>>>
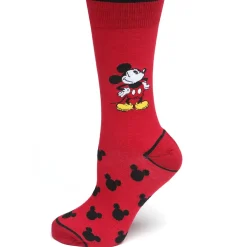 Disney Mickey Pie-Eyed Red Sock and Mickey Blue Lapel Pin Gift Set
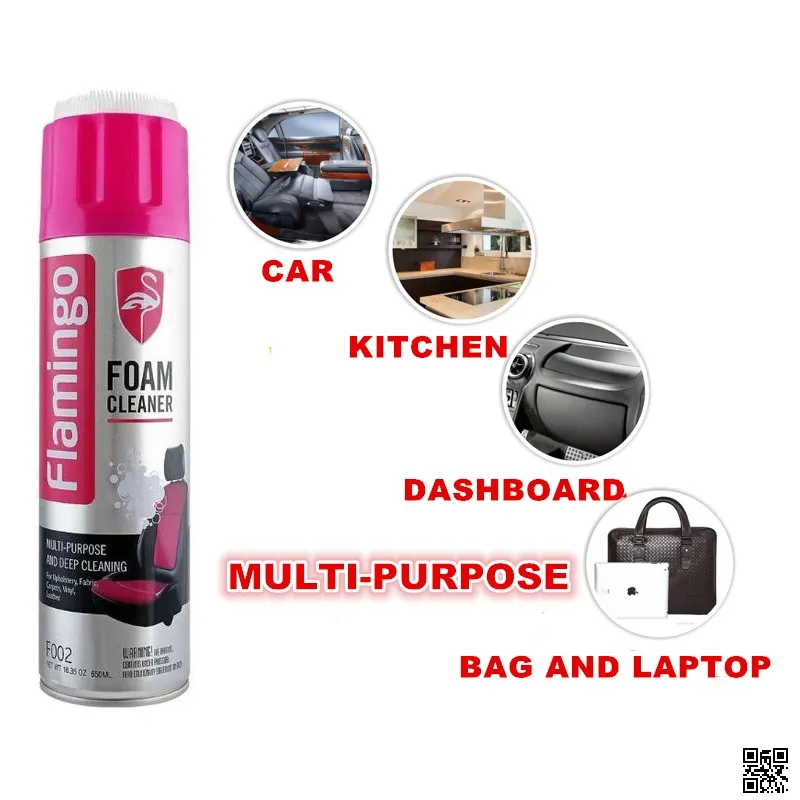 Flamingo Multi Purpose Foam Cleaner with Brush 650 ml Dry Wash Foam Cleaner Spray thumbnail 1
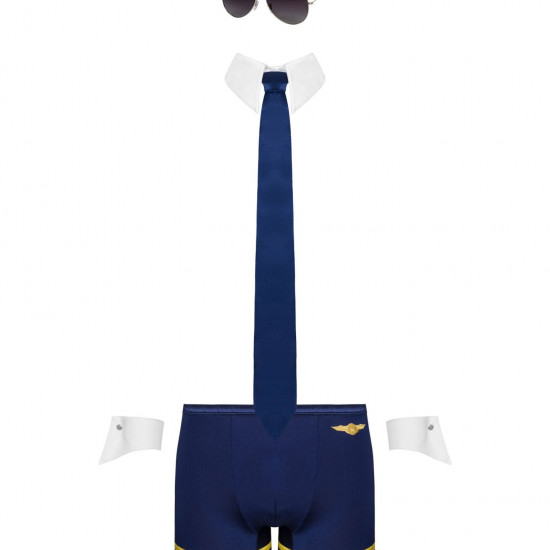 Еротичний костюм пілота Obsessive Pilotman set 2XL/3XL, боксери, манжети, комір з краваткою, окуляри Еротичний костюм пілота Obsessive Pilotman set 2XL/3XL, боксери, манжети, комір з краваткою, окуляри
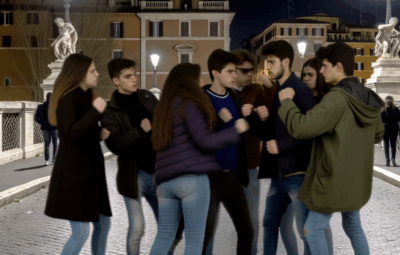 Rissa a Ponte Fabricio: caos nella notte tra giovani e turisti nel cuore di Roma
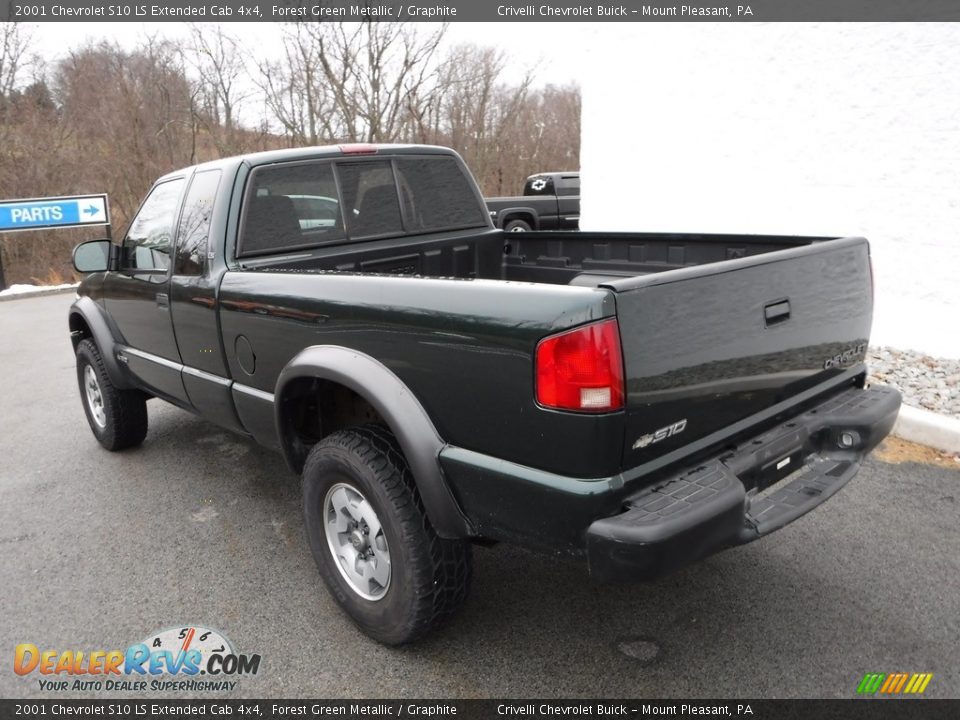 2001 Chevrolet S10 LS Extended Cab 4x4 Forest Green Metallic / Graphite Photo #9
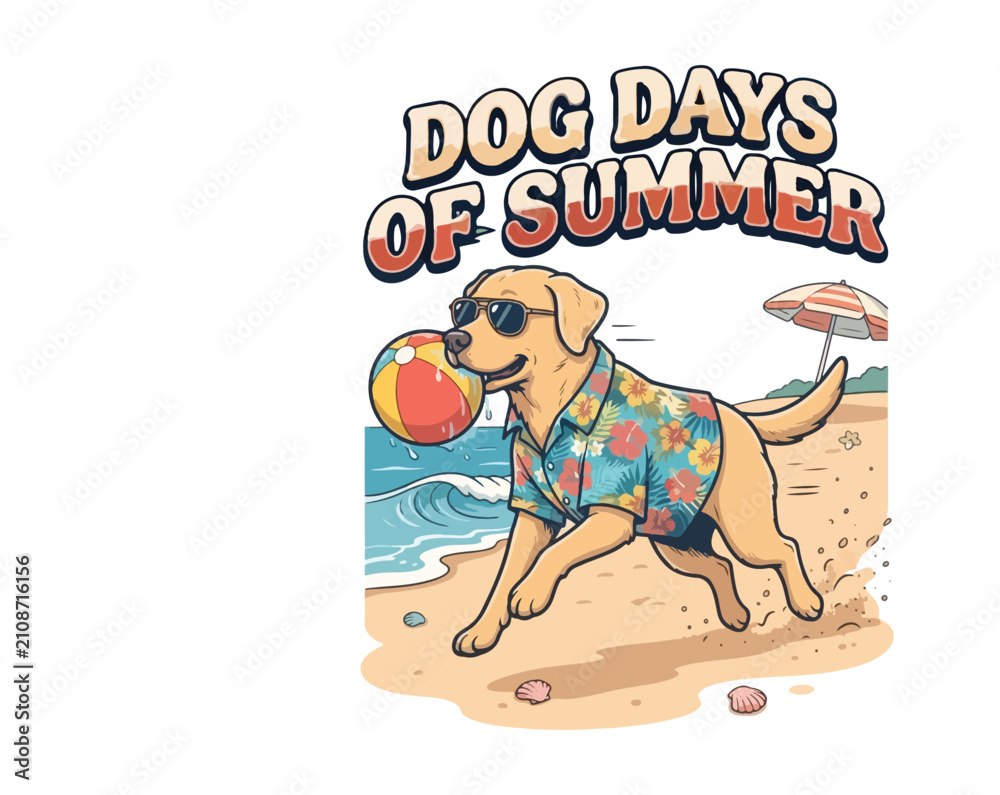 Naklejka premium Retro Dog Days of Summer Vector Illustration with Playful Dog and Beach Ball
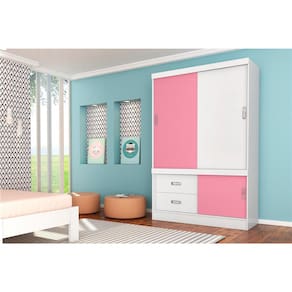 Guarda-Roupa Solteiro Demóbile Estilo II com 3 Portas de Correr e 2 Gavetas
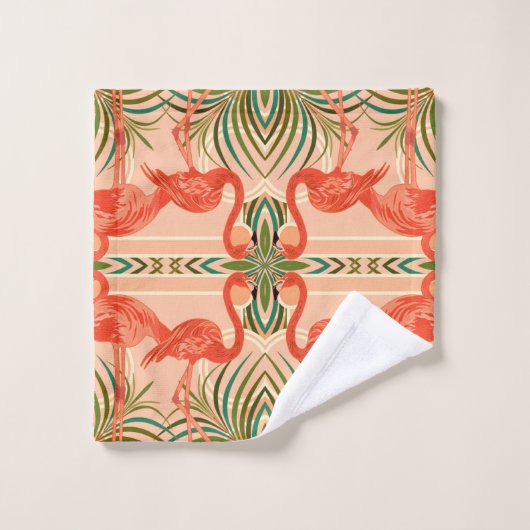 Tropische Flamingo's handdoekset Bad Handdoek (Wasdoekje)
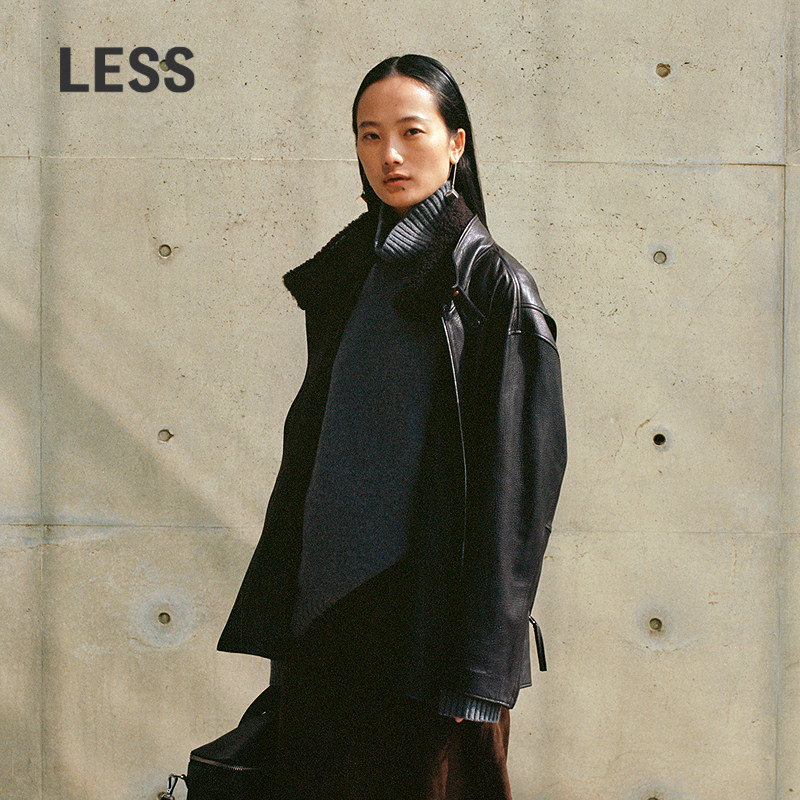 【商场同款】LESS2025年冬新款立领宽松长袖皮衣外套2P0A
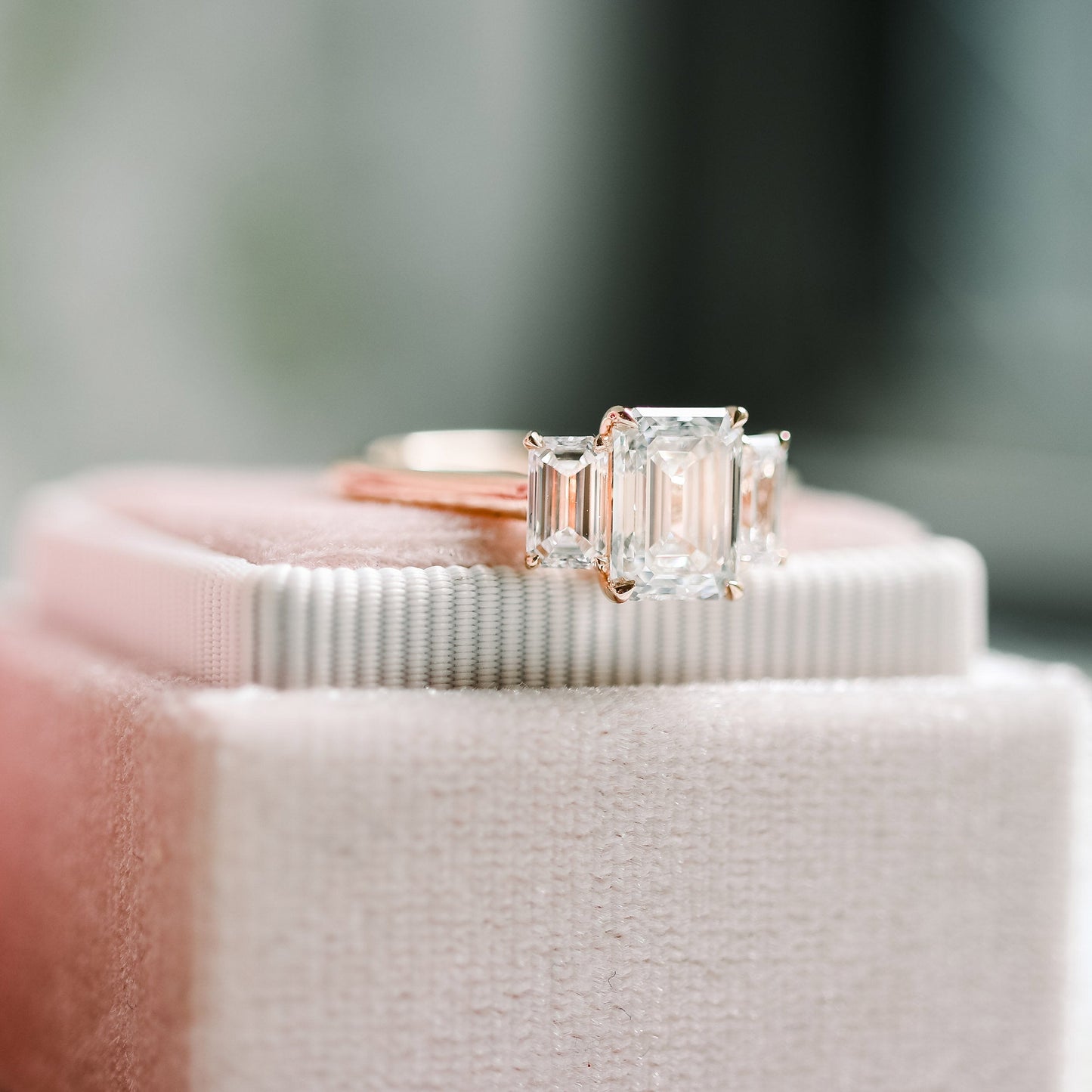3.0CT Emerald Cut Moissanite Three Stone Diamond Engagement Ring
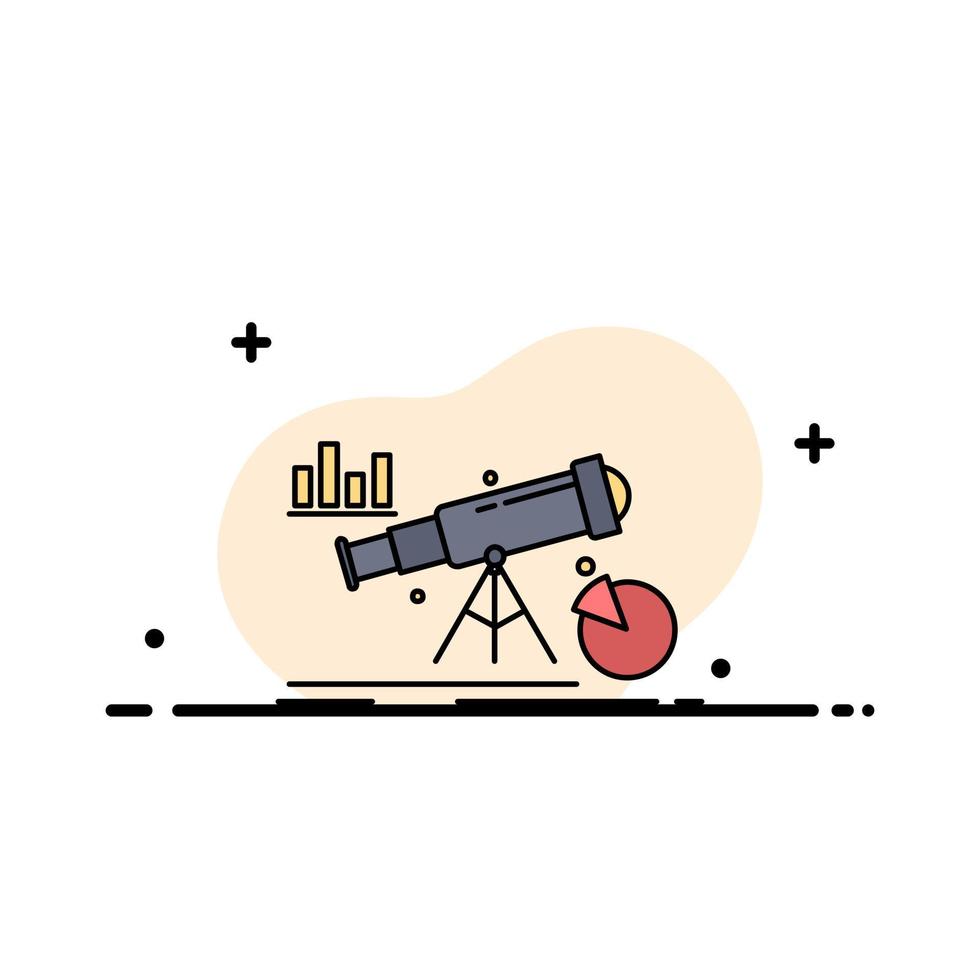 Analytics finance forecast market prediction Flat Color Icon Vector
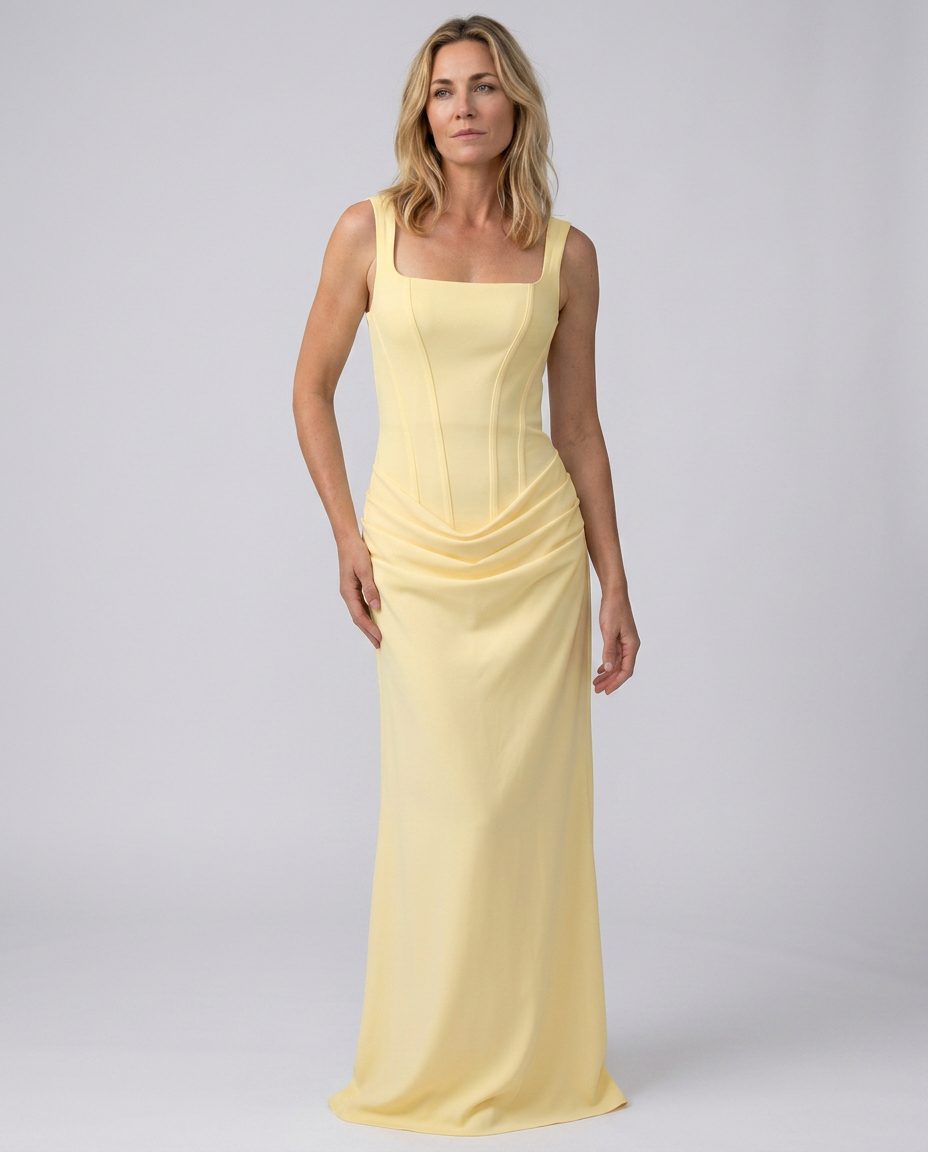 Maxi Dress with Structured Bodice and Draped Skirt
<<<
### Your objective
Reproduce the records exactly, starting with their first line and ending with the line that contains "Flamingo Multi Purpose", though pictures should be dropped.

### Written answer
 Disney Mickey Pie-Eyed Red Sock and Mickey Blue Lapel Pin Gift Set
 Flamingo Multi Purpose Foam Cleaner with Brush 650 ml Dry Wash Foam Cleaner Spray thumbnail 1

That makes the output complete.